# Records provided

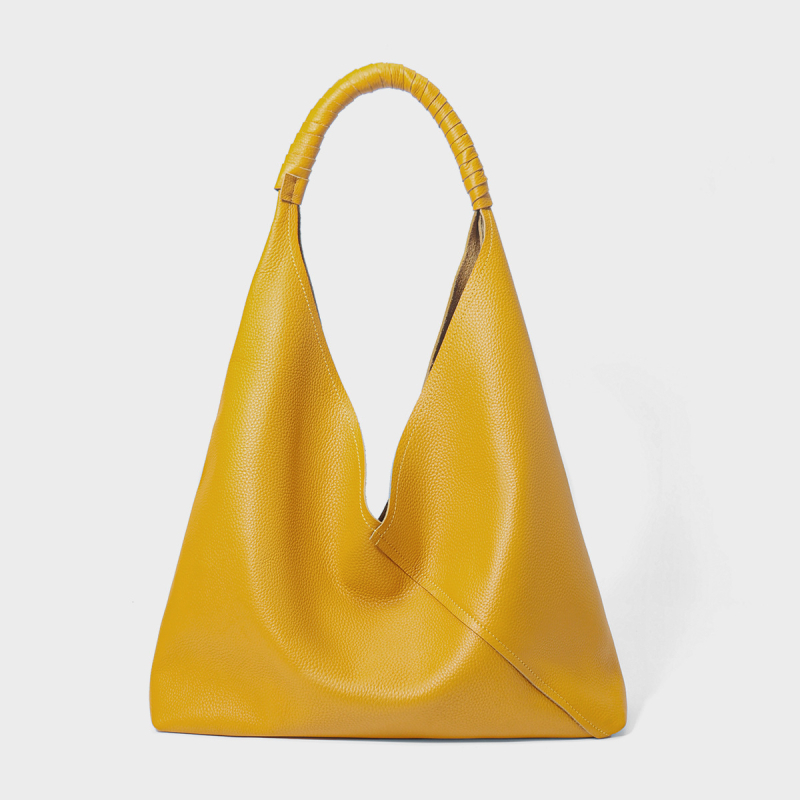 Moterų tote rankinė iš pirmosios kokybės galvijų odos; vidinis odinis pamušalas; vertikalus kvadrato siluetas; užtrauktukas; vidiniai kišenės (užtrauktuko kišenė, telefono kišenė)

* * *

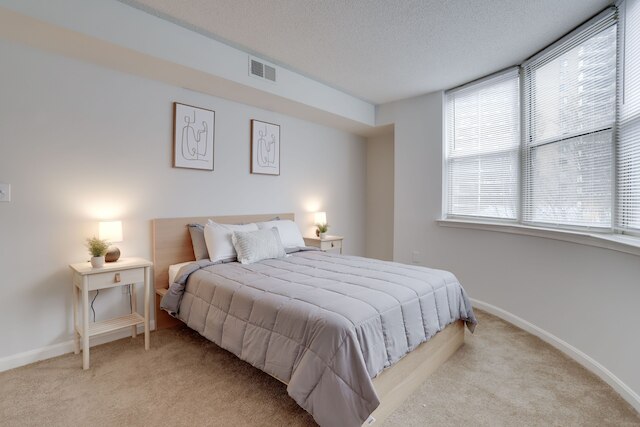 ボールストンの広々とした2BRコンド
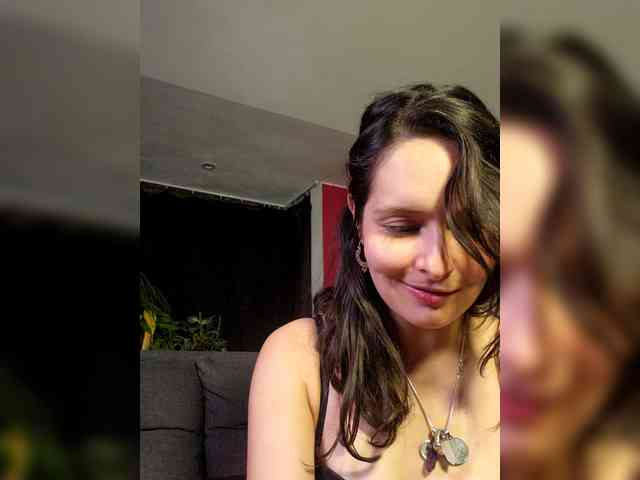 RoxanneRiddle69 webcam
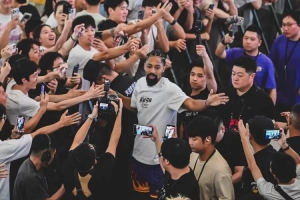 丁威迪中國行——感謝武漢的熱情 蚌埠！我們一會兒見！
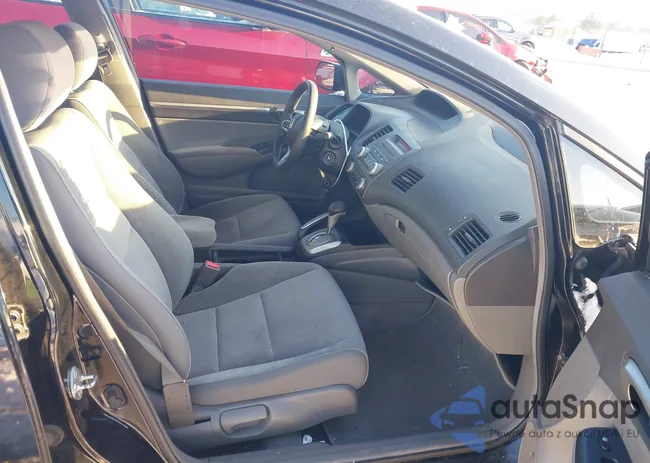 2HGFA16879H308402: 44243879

...

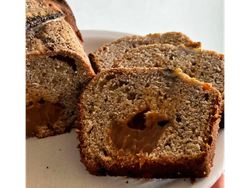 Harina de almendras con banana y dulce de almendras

# Your assignment
Restate word for word the lines of the data above that begin at the line with "ボールストンの広々とした2BRコンド" and end at the line with "2HGFA16879H308402: 44243879", keeping both ends and dropping every picture.

# Solution to the exercise
 ボールストンの広々とした2BRコンド
 RoxanneRiddle69 webcam
 丁威迪中國行——感謝武漢的熱情 蚌埠！我們一會兒見！
 2HGFA16879H308402: 44243879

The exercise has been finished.